Texas and parts of the Midwest dominated the listing site’s monthly hottest housing markets index, as affordable areas in the country’s center overtook the pricier coastal cities in terms of price growth and the speed in which homes are changing hands. The shift to the Midwest underscores the severity of the housing shortage in some areas, where developers have built very little besides high-end homes since the Great Recession.
Midland, a city in west Texas near the oil-rich Permian Basin, ranked No. 1 on the hotness list. The average listing has been on the market for less than a month, while listing prices have soared over the past year.
The median home on the market is now selling for $350,000, significantly greater than the national median listing price of around $300,000, according to Realtor.
The number of million-dollar listings is helping drive the price growth there. There were 34 homes on the market priced over $1 million in the Midland area as of Thursday, according to Realtor.com.
“Driven by a surging oil economy, the median age of inventory in Midland is 29 days, with homes receiving 2.4 times more listing views than the U.S. overall,” said to the site’s report.
Neighboring city Odessa, another Texas boomtown, has also experienced rapid price growth of 45% over the past year, with the median list price at more than $289,000 in July. Realtor ranked Odessa No. 20 on the nationwide list, and there are now more than a dozen homes in the city asking more than $1 million.
Other formerly depressed areas of the country, particularly in the Midwest Rust Belt, have watched prices soar over the past year as more homebuyers are entering markets where there’s been very little new home building since the housing bust of 2008-09.
Fort Wayne, Indiana, and Boise, Idaho, ranked as the second and third hottest markets in the U.S. in July, respectively, according to Realtor.
The median listing price in Boise has soared 17% past the national average to $339,000.
The situation in Boise highlights the severity of America’s affordable housing shortage. A recent study by the U.S. Department of Housing and Urban Development, found there are 10 times more buyers looking for a home in Boise than available homes for sale.
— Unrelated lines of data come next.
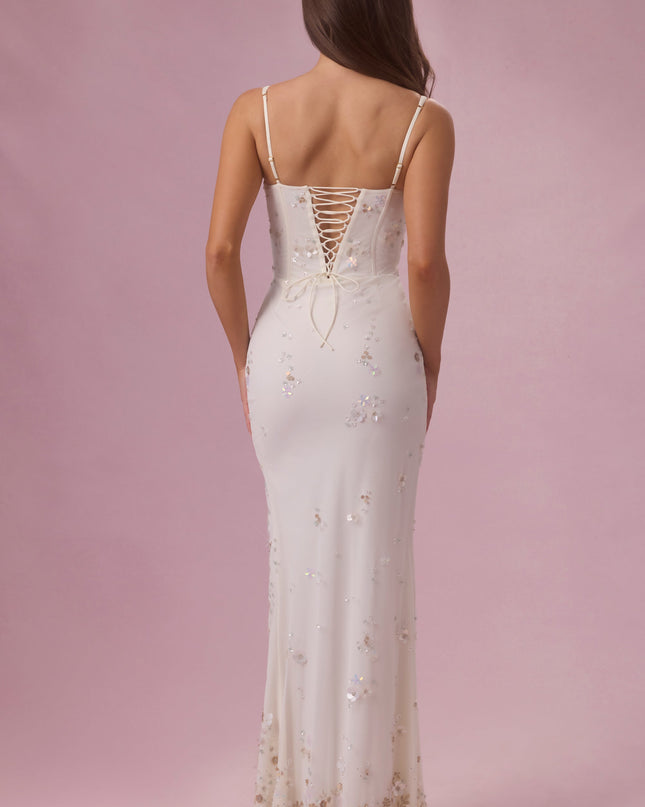 Pearl Embellished Corset Maxi Dress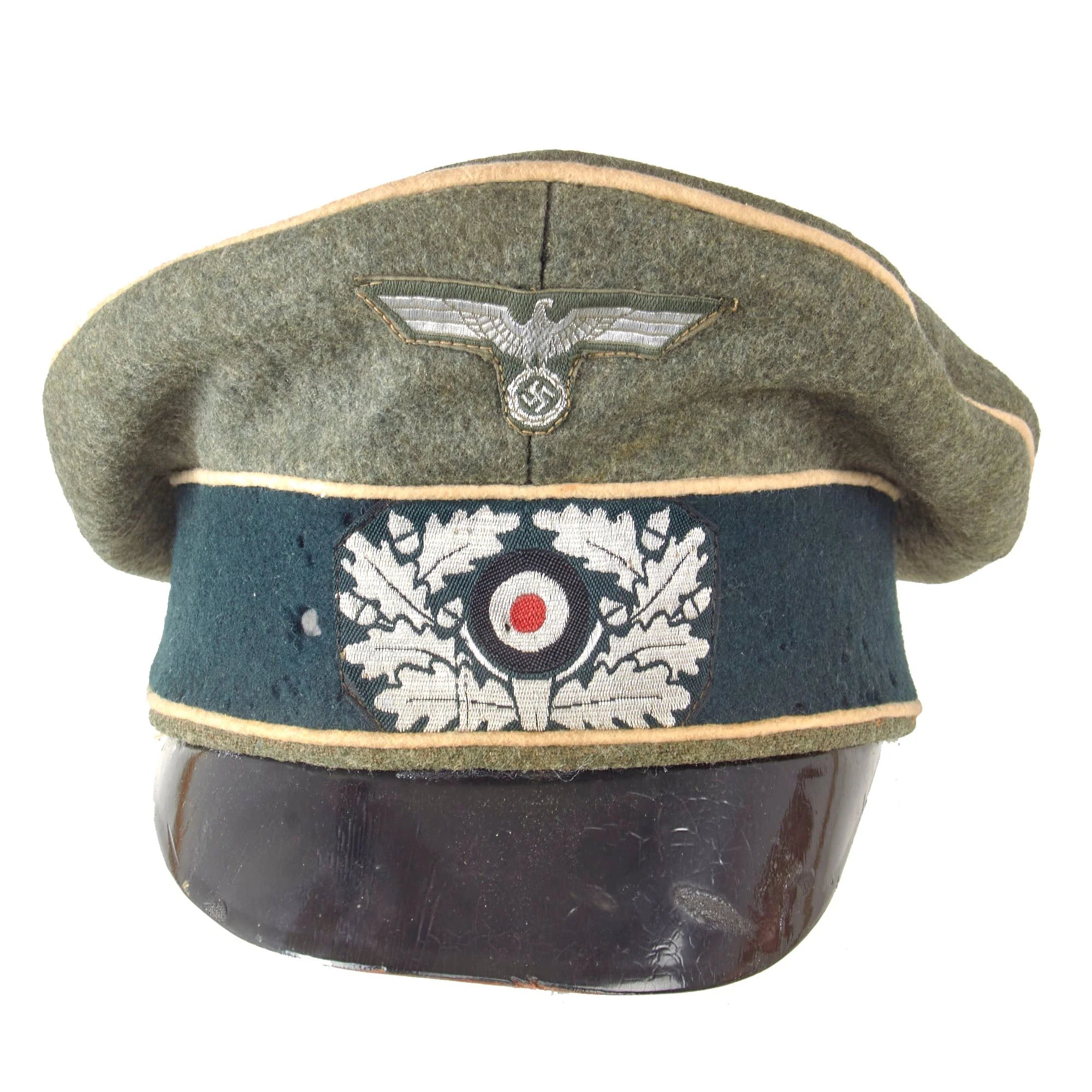 Original German WWII Heer Army Infantry Officer Schirmmütze Visor Crush Cap with BeVo Insignia — image 2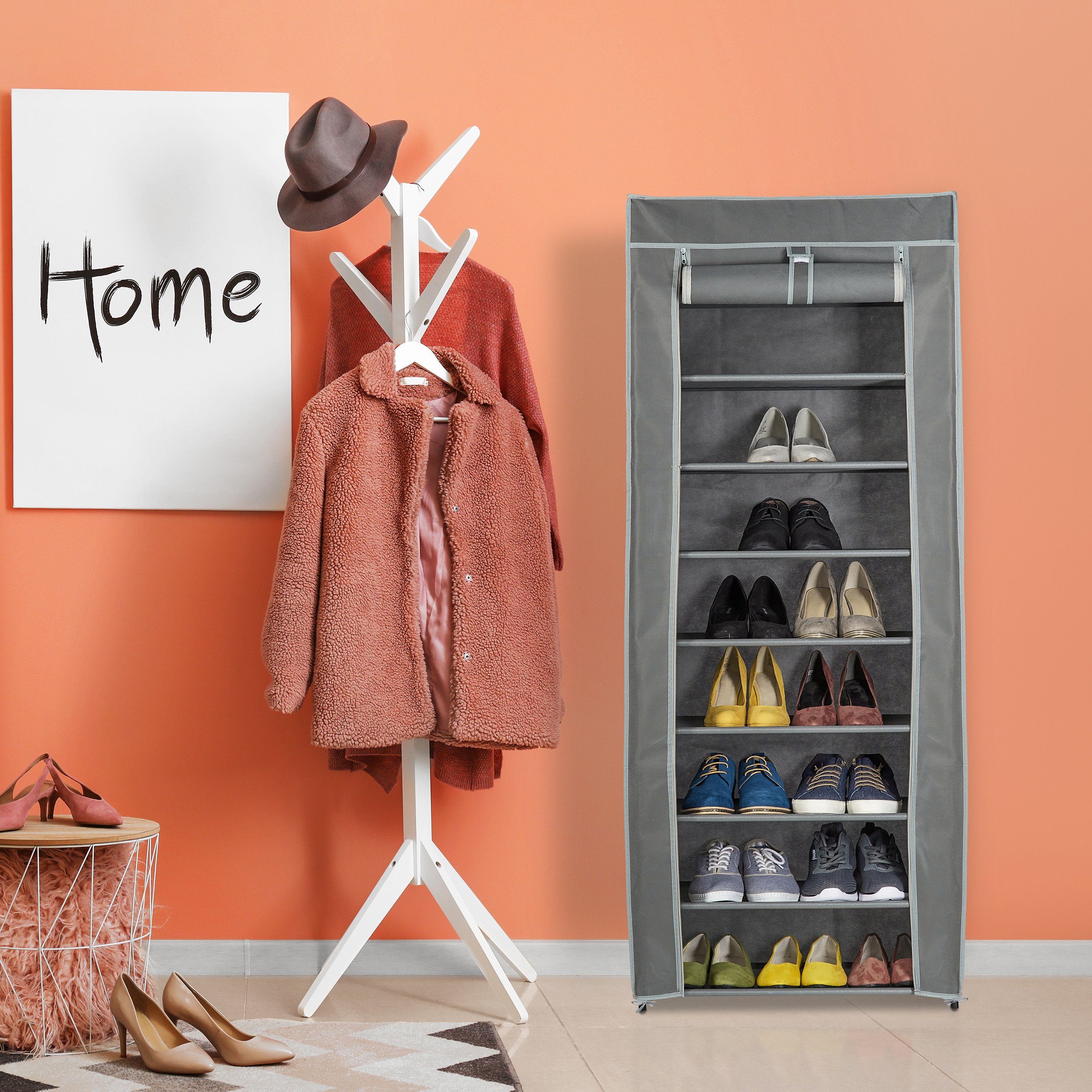 relaxdays Schuhschrank Stoff 9 Fäch Anthrazit günstig online kaufen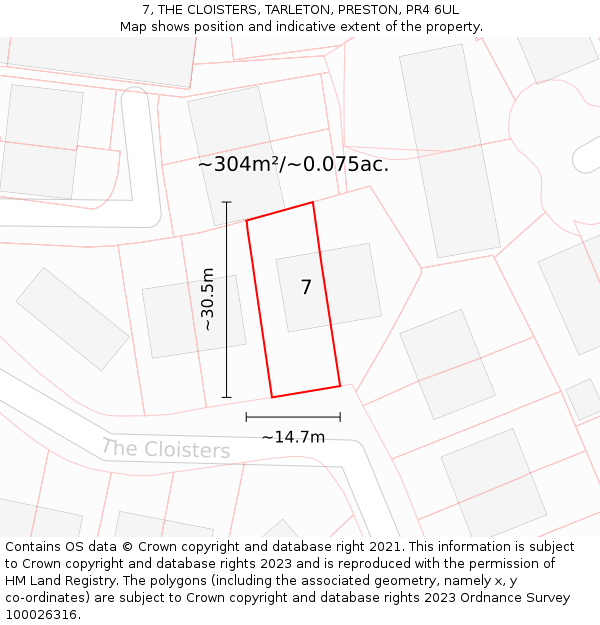 7, THE CLOISTERS, TARLETON, PRESTON, PR4 6UL: Plot and title map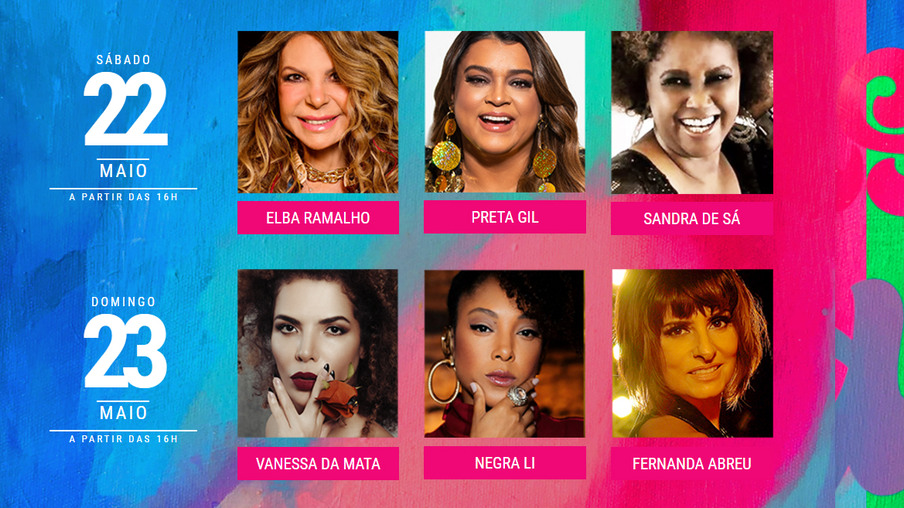 Niterói será palco de shows virtuais com Elba Ramalho, Preta Gil, Sandra de Sá, Vanessa da Mata, Negra Li e Fernanda Abreu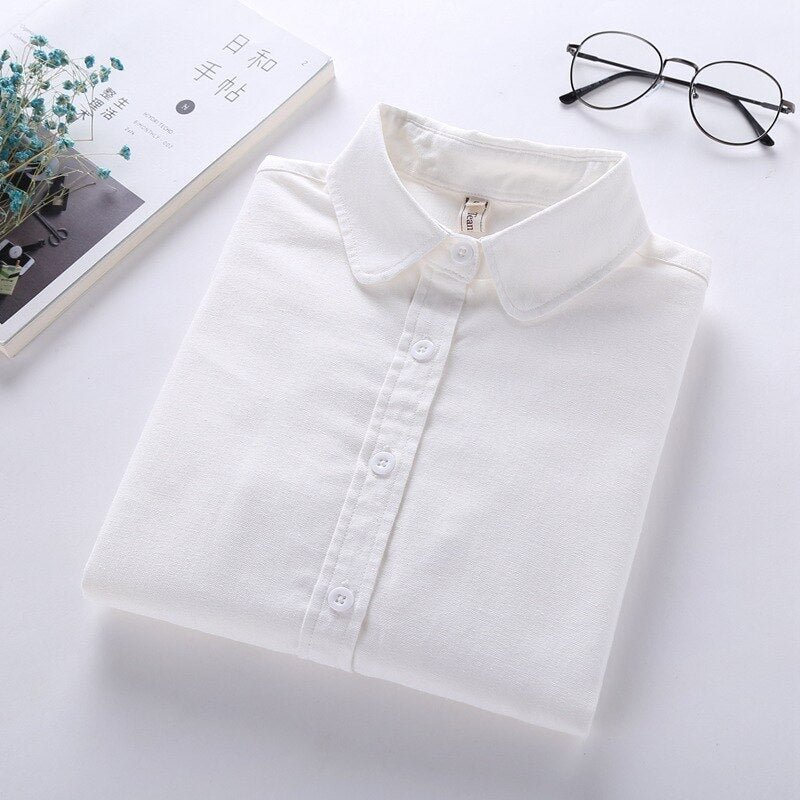 Alifestyle Women Shirts Blouses Female Classic Simple Oxford Cotton Long Sleeve Shirt Lady Casual Style High Quality White Shirt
Median days on market was down to only 34 days.
Much of the growth in listing prices has been due to higher-end development, which is out of sink with budgets.
“With the median home list price hovering at a record level, affordable markets are very attractive for buyers, which is contributing to the popularity of many Midwestern markets,” said Danielle Hale, chief economist at Realtor.com, in a statement. “Inventory remains scarce due to strong buyer demand and years of underbuilding.”